Many are speculating a BIOS update will sove the issue - at this point I'm not powering down my computer (and I've disabled S3 sleep mode, since it will not wake up), and will either get a BIOS update that fixes the problem (in a reasonable timeframe), or will finally give up and go back to the guy that built it for me for a swap (or RMA it with Asus, if that's the best option - I've never had to do that before, and don't really want to spend the time rebuilding the computer, since I paid someone to do that for me).
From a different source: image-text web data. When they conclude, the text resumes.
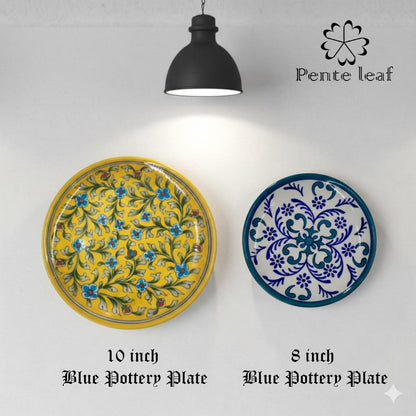 The Basant & Alpana : Jaipur Blue Pottery Plate Combo | GI Tag Handicrafts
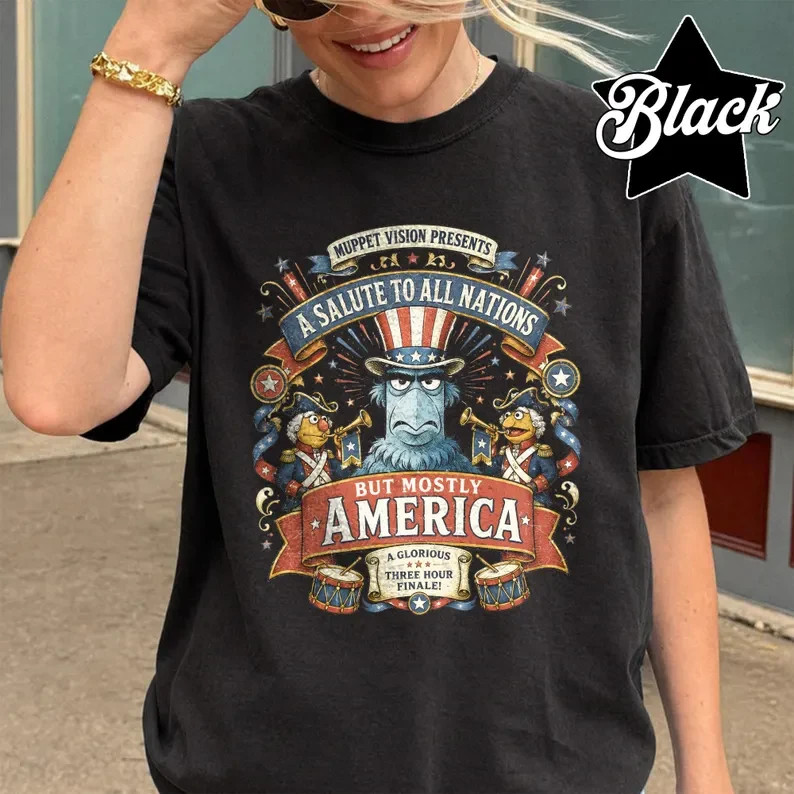 Vintage Retro A Salute To All Nations But Mostly Muppets Shirt gallery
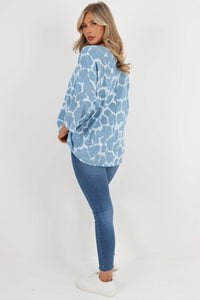 Italian Animal Print Cotton Top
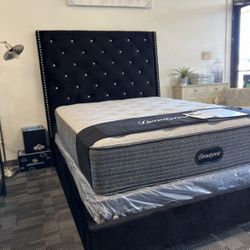 Black Queen Bed Frame 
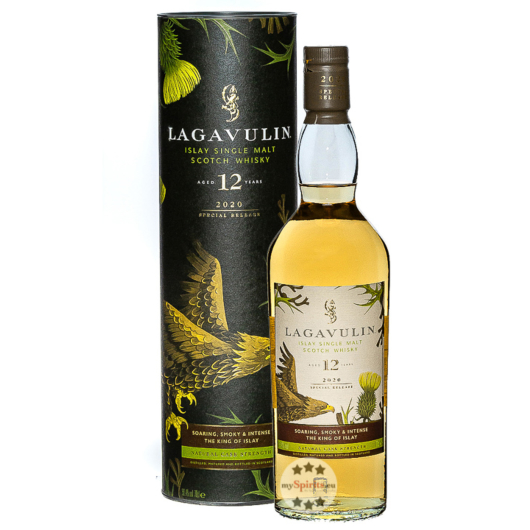 Lagavulin 12 Jahre Islay Single Malt Scotch Whisky Special Release 2020 Natural Cask Strength / 56,4 % Vol. / 0,7 Liter in Geschenkdose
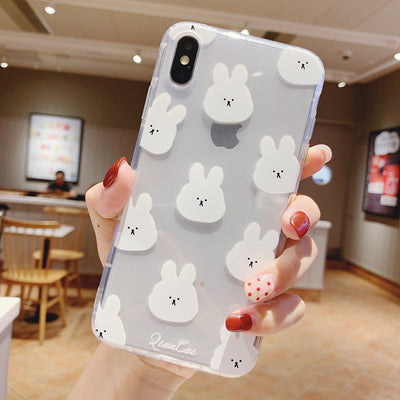 Funda Protectora para Celular con Diseño de Conejo y Osito de Silicona - Image 2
I suggest doing a search in the Asus web site forums for MB P5K for further info - you'll see dozens, with various subtleties involved.

Cliff


----------



## linderman (May 20, 2005)

regardless how you wish to slice the pie; there is no 500 watt PSU that will run your system reliably for an extended period of time


try your system with a lesser power hungry video card as an aid to the process of elimination


dont forget; the 8800gt is a really hot bugger, if you dont have really good case air flow your PSU is going to be inhaling some very hot intake air :4-thatsba


remember; a PSU gets its "fresh" air from inside the computer case

the hotter a PSU gets, the less capable it becomes

the cd drives and hard drives consume their most power during the initialization phase at start up


----------



## dai (Jul 2, 2004)

it depends on the quality of the psu's they have been trying,most seem to fall into the trap that a $20-60 700w psu is the same as a $200 one
i am running a p5k e6750 7600gs water cooling 4 h/d's 3dvdrw drives 4g ram
with a silverstone 650w
with no problems at all
when everything is firing up but no screen it is a fair indication that the cause is a crappy or underpowered psu


----------



## linderman (May 20, 2005)

I have not seen any such issues with the three P5k's I have sold either


two of them are 8800Gt and the other an sli 7950 gtx


all are running great with the thermaltake toughpower 750's power supply units in all three


----------



## speedster123 (Oct 18, 2006)

i agree
the toughpower 750 and the 650 trio / silverstone can handle quite a steady and pro- longed load.


----------